- **What you need to do**
Using the line with "Aros florales XL" as your starting point, transcribe it and each line beneath it word for word until the records run out, without pictures.

- **Data shown**
>>

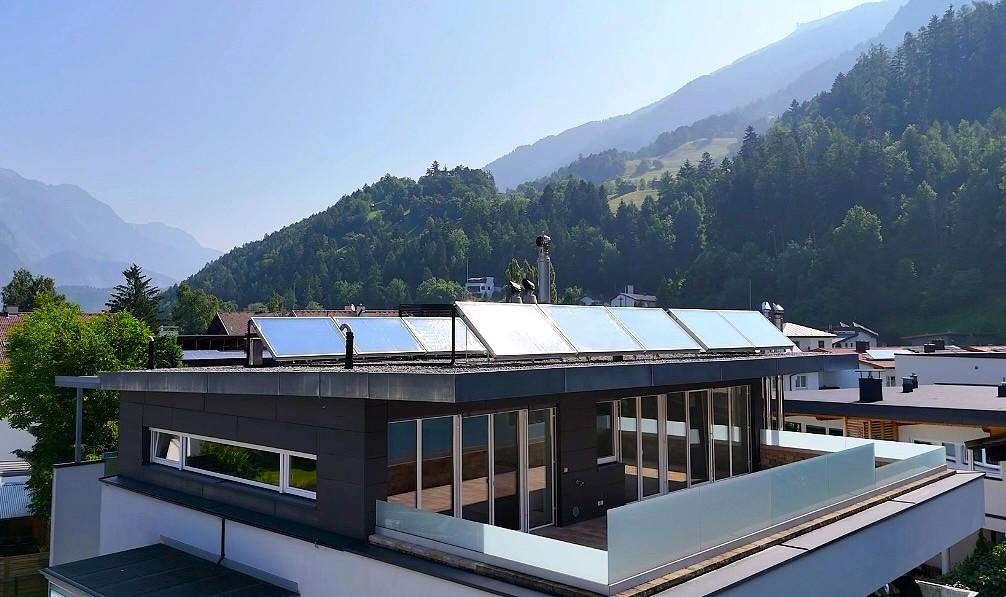 Wohnen mit Atmosphäre, Stil und Licht – Penthousewohnung mit Kachelofen und Ausblick!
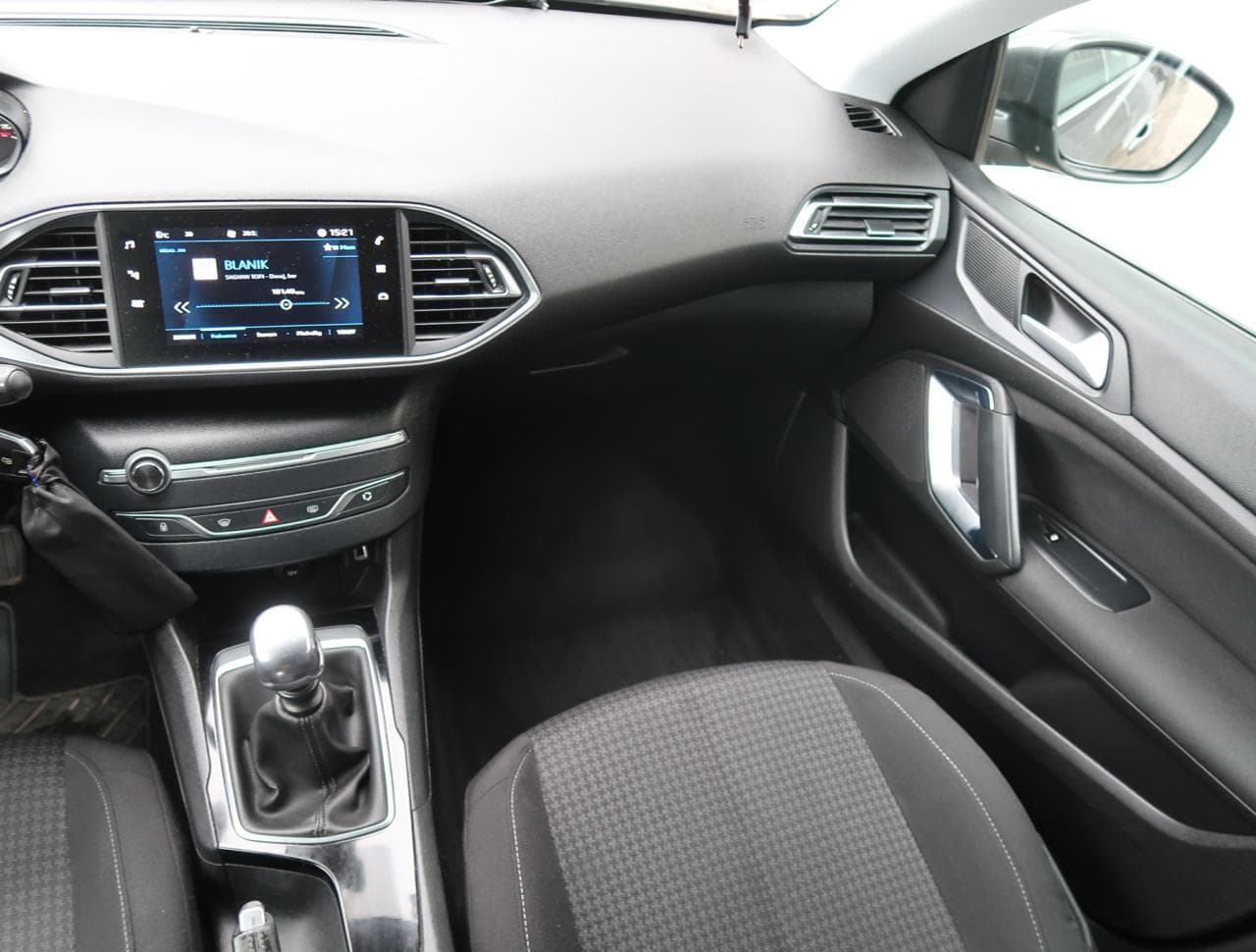 2019 Peugeot 308 - 11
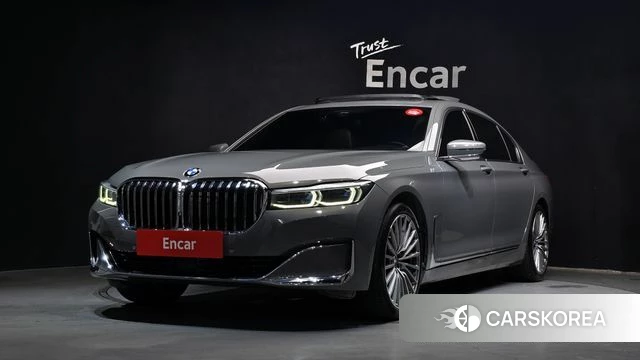BMW 7 Series (G11) 2021 Серебристо-серый из Кореи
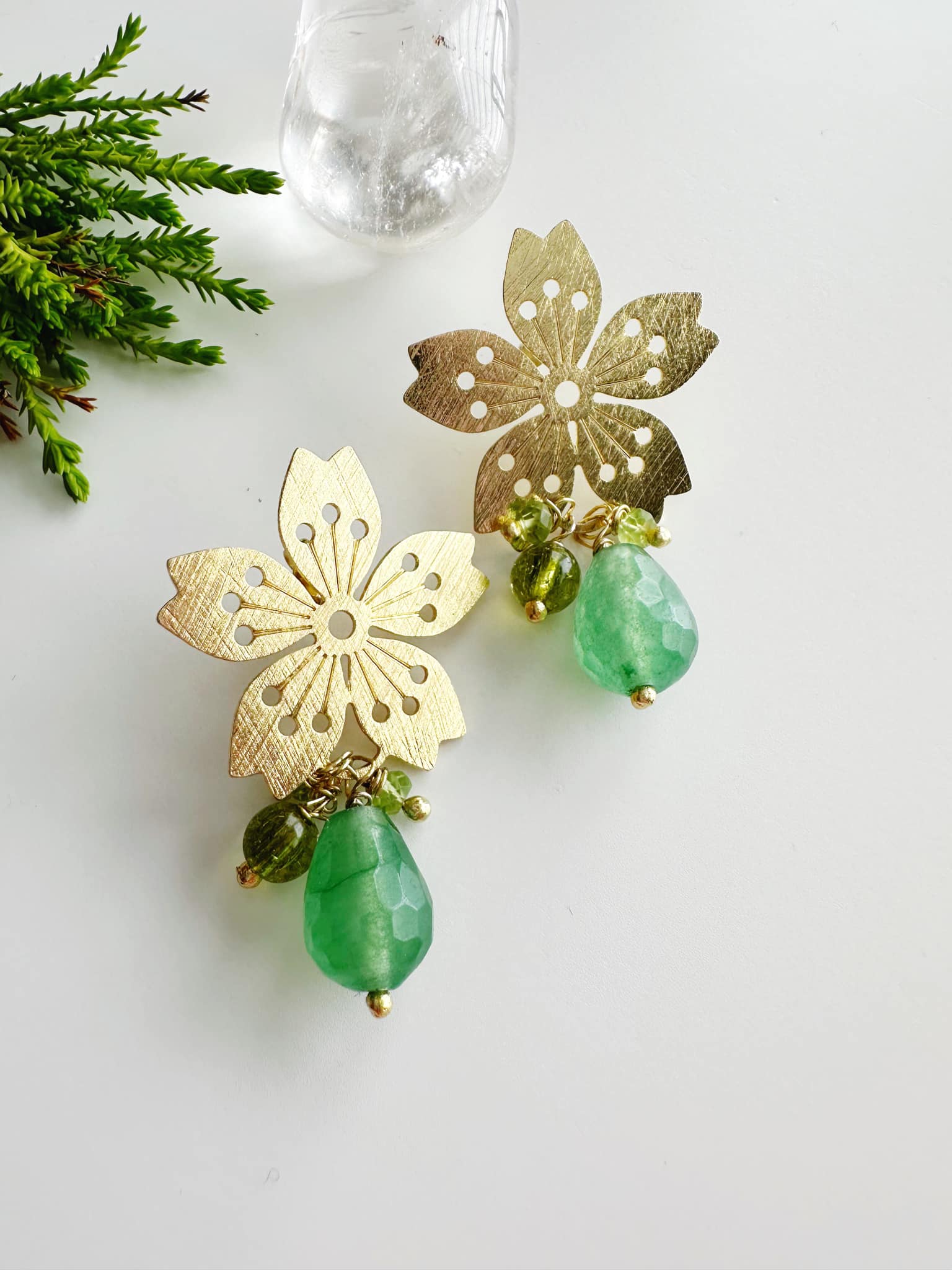 Aros florales XL en mix de piedras naturales verdosas. Incluye Packing para regalo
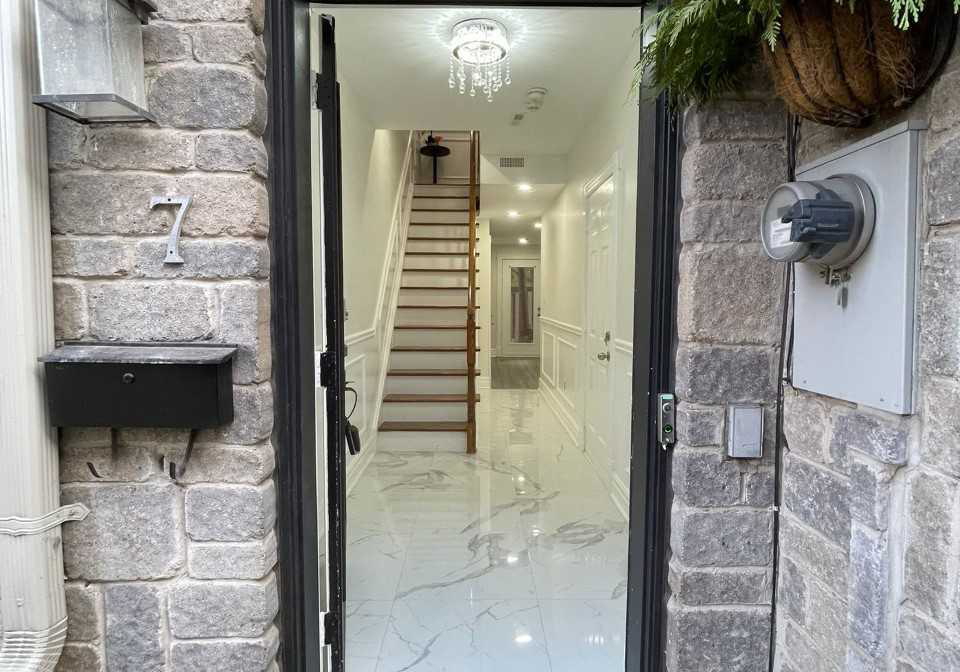 7-annex-lane-toronto-ontario-c12680878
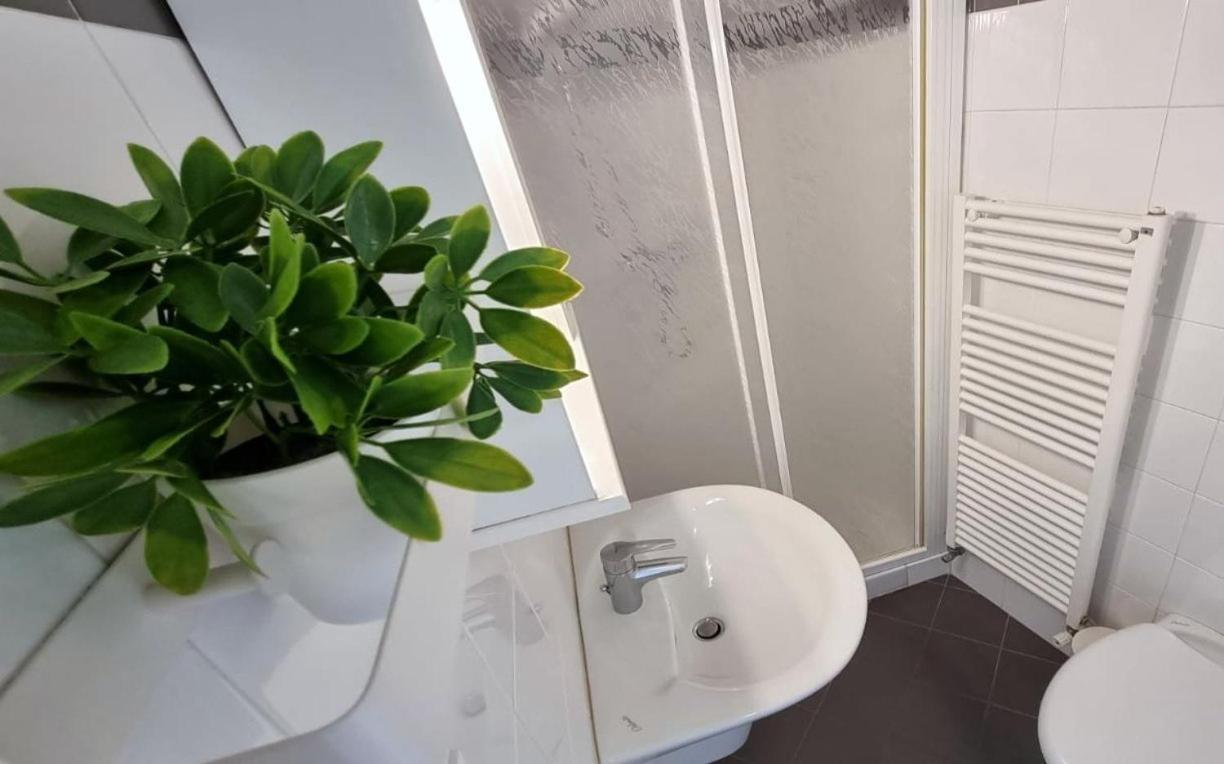 Appartamento Peschiera Peschiera del Garda Esterno foto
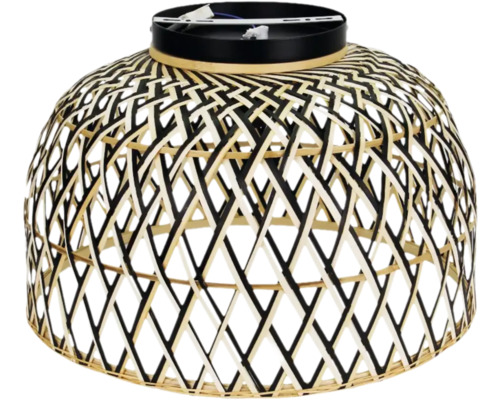 Plafondlamp met koepelvormige lampenkap van gevlochten bamboe in een ruitpatroon met plafondmontage-element.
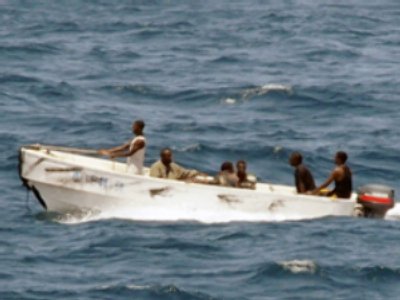 Somalian pirates want ransom for Ukrainian arms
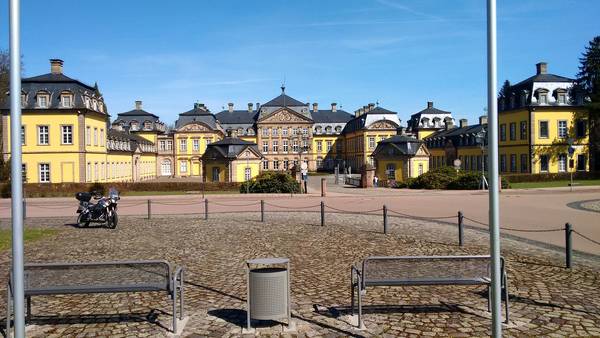 Residens Schloß Bad Arholsen mit Bank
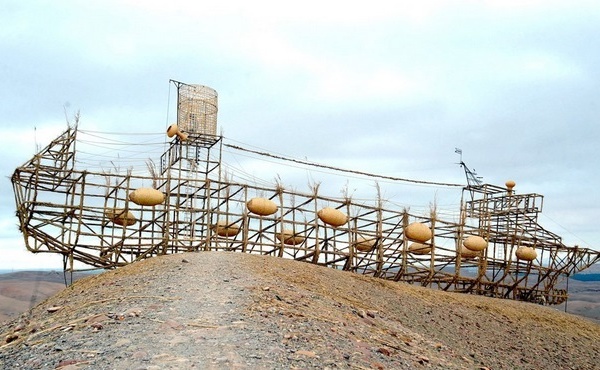 L'artiste Alexander Ponomarev prêche l'espoir dans son bateau du désert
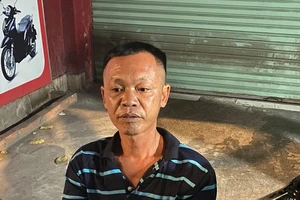 Hoãn xử kẻ xâm hại dã man bé gái 2 tuổi rồi định bỏ trốn ra nước ngoài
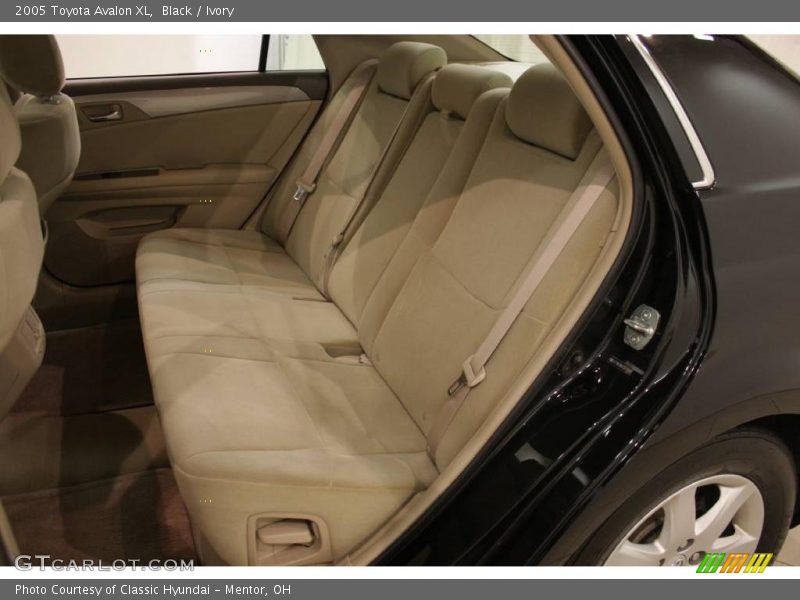 Black / Ivory 2005 Toyota Avalon XL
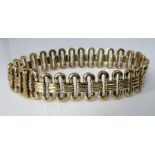 A good quality vintage 9ct bracelet, 33.4g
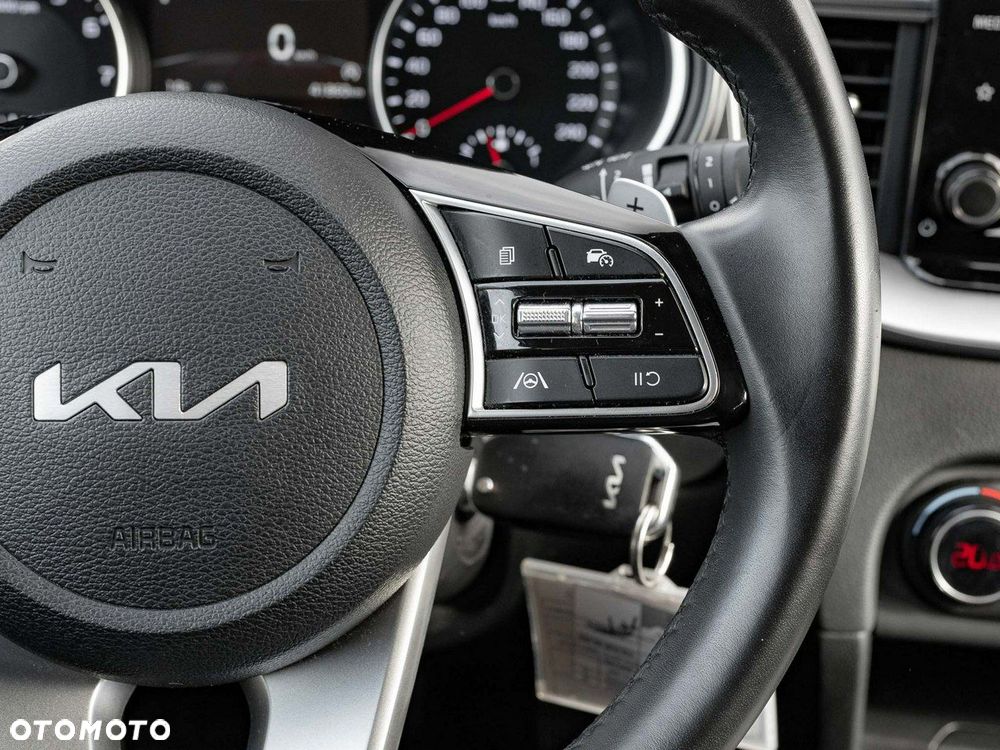 Kia Ceed 1.5 T-GDI M DCT - 13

<<

- **Answer space**
 Aros florales XL en mix de piedras naturales verdosas. Incluye Packing para regalo
 7-annex-lane-toronto-ontario-c12680878
 Appartamento Peschiera Peschiera del Garda Esterno foto
 Plafondlamp met koepelvormige lampenkap van gevlochten bamboe in een ruitpatroon met plafondmontage-element.
 Somalian pirates want ransom for Ukrainian arms
 Residens Schloß Bad Arholsen mit Bank
 L'artiste Alexander Ponomarev prêche l'espoir dans son bateau du désert
 Hoãn xử kẻ xâm hại dã man bé gái 2 tuổi rồi định bỏ trốn ra nước ngoài
 Black / Ivory 2005 Toyota Avalon XL
 A good quality vintage 9ct bracelet, 33.4g
 Kia Ceed 1.5 T-GDI M DCT - 13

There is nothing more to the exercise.